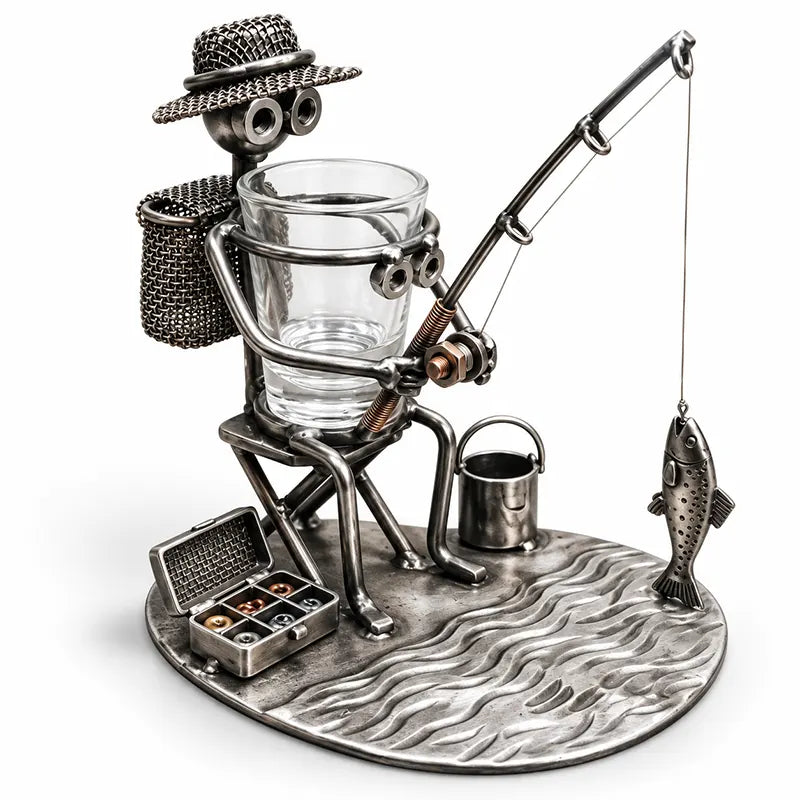 Fishing Man Metal Art Fishing Gift Shot Glass Holder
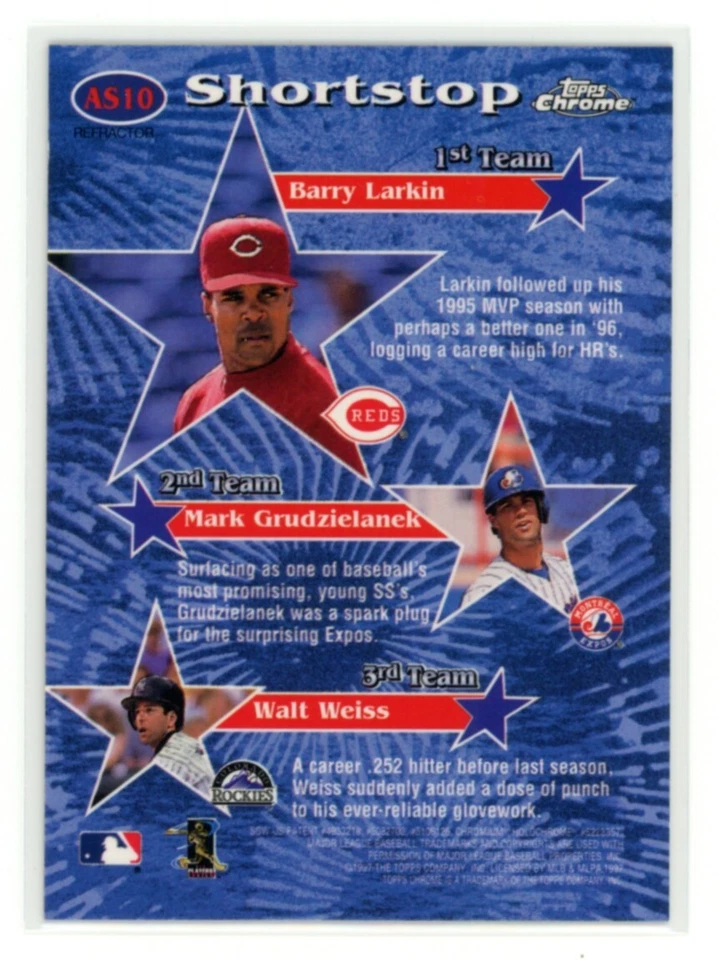 Barry Larkin 1997 Topps cromo All-Stars refractor #AS10 Foto 2 de 2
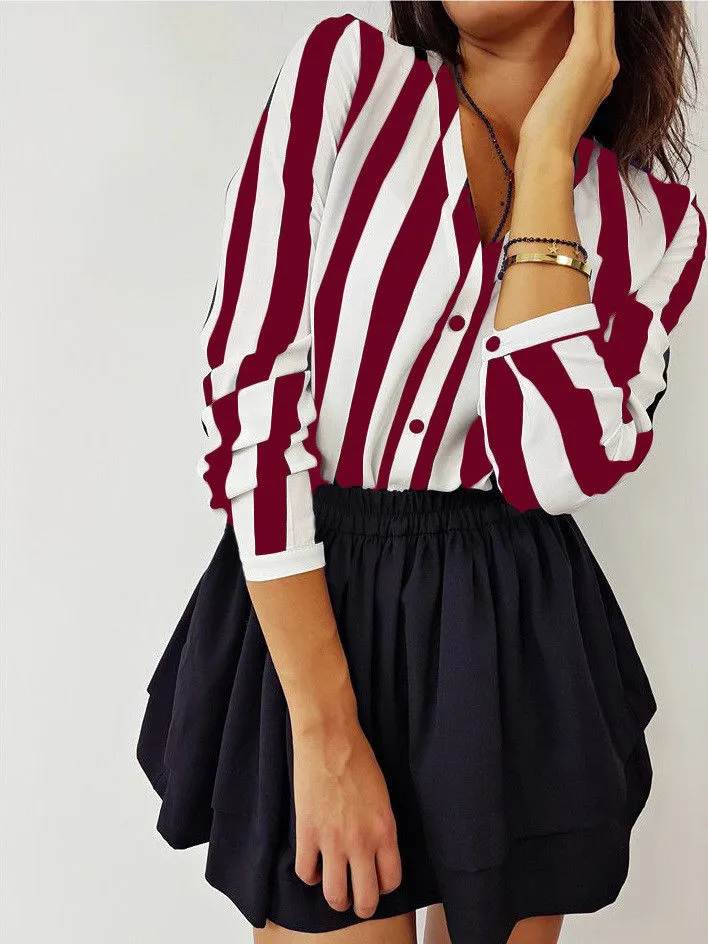 Women Striped Shirt Black White Elegant V Neck Button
#####
● **GOAL OF THE EXERCISE**:
Repeat the listing word for word, omitting the pictures.

● **YOUR SOLUTION**:
 Fishing Man Metal Art Fishing Gift Shot Glass Holder
 Barry Larkin 1997 Topps cromo All-Stars refractor #AS10 Foto 2 de 2
 Women Striped Shirt Black White Elegant V Neck Button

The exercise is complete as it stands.